On peut le dire aussi autrement : soit que d'autres entités comptent sur notre humanité, et que nous les appelons en fait nos dieux, les êtres spirituels qui sont au-dessus de nous. Ils vivent avec nous entre la mort et une nouvelle naissance. Nous sommes alors en leur vivante compagnie. Puis vient un moment où les êtres spirituels se disent que, dans ce monde spirituel, on ne peut amener l'être humain que jusqu'à un certain point de maturité, que l'être humain ne peut plus rester dans ce monde, qu'il faut l'envoyer au-dehors. Ils se disent que l'être humain va acquérir alors pour eux ce qu'il ne peut pas acquérir ici, et ils l'envoient dans l'autre monde. Donc nous sommes envoyés par les dieux sur notre terre ici-bas afin que pour eux nous puissions développer en nous dans notre corps physique ce que nous ne pouvons pas développer dans le monde spirituel.

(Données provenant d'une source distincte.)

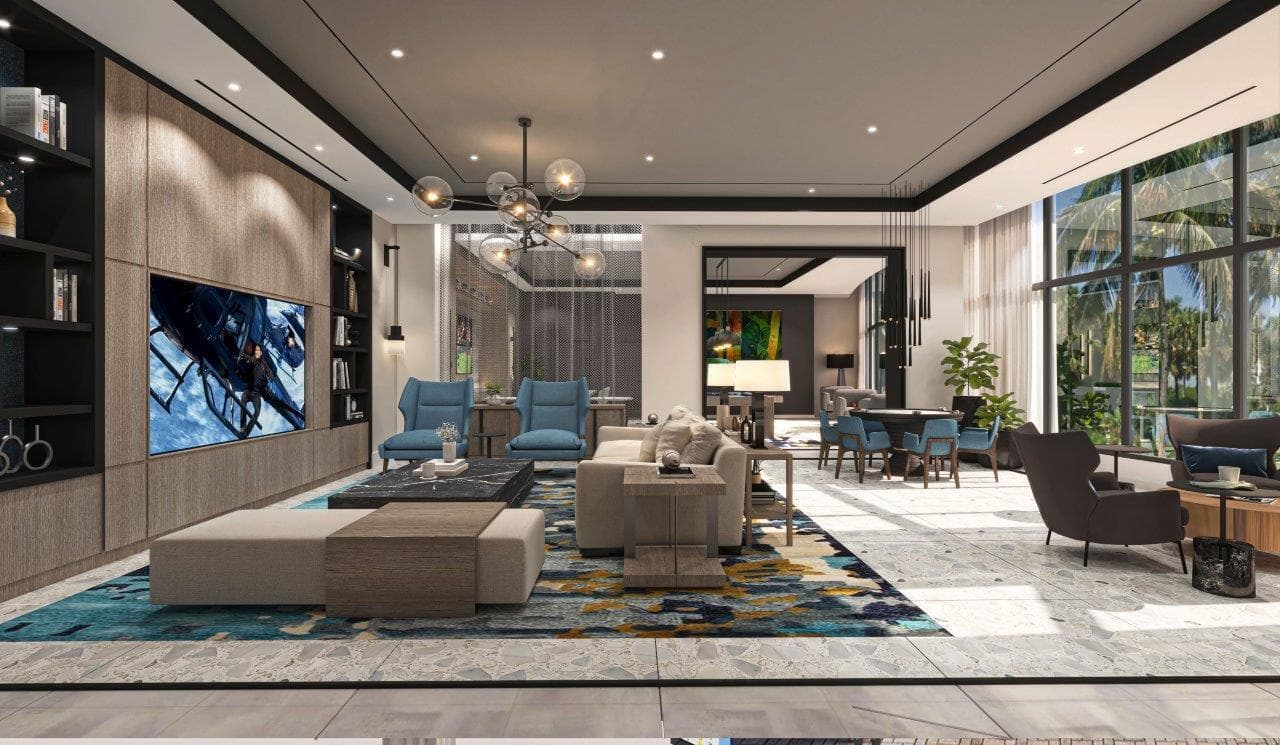 integra biscayne shores clubroom copy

Ainsi, l'immortalité, qui est certes justifiée comme nous le savons et comme nous la décrivons, nous apparaît comme quelque chose dont l'être humain veut profiter. Du moins, veut-il profiter de l'idée de l'immortalité. Or l'innatalité, elle, est liée à une certaine responsabilité de la vie, à une certaine mission à accomplir, comme nous devons le comprendre, et dont le résultat doit être apporté aux dieux lors de la mort. La vie contient une signification pour le monde spirituel. Nous ne vivons pas en vain. On ne vit pas que pour soi mais aussi pour les dieux. La vie reçoit un sens sans lequel elle ne peut pas être vécue. (…) »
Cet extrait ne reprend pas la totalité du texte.